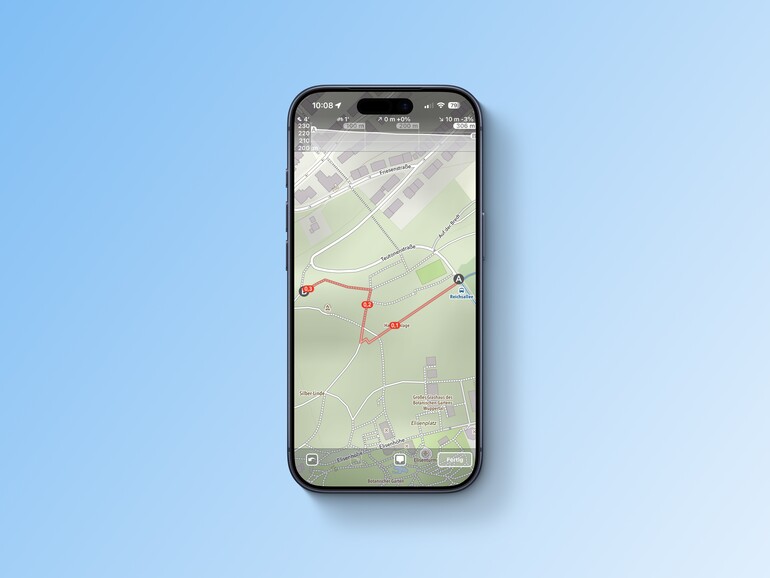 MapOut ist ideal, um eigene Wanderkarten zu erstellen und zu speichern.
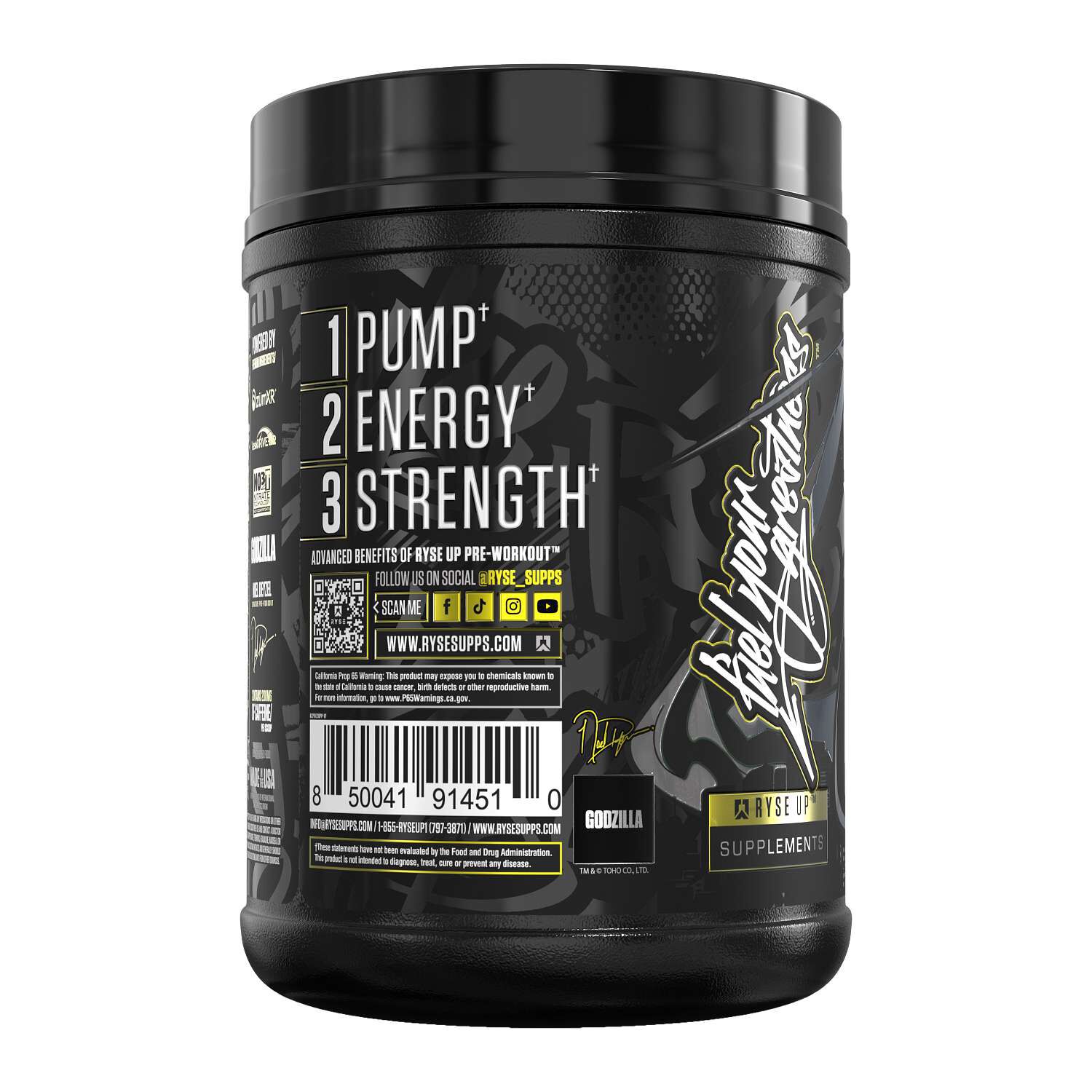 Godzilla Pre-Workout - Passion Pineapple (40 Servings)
┄┄┄┄┄┄
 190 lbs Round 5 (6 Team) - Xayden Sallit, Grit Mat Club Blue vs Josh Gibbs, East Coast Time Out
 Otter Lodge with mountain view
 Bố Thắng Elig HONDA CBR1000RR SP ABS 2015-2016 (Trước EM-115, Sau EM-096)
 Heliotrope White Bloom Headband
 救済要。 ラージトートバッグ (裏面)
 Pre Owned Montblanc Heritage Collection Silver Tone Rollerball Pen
┄┄┄┄┄┄
Requirement → With the pictures omitted, restate word for word the lines above from the line that has "MapOut ist ideal, um" up to and including the line that has "Godzilla Pre-Workout - Passion", and no other lines.

Response for this exercise →
 MapOut ist ideal, um eigene Wanderkarten zu erstellen und zu speichern.
 Godzilla Pre-Workout - Passion Pineapple (40 Servings)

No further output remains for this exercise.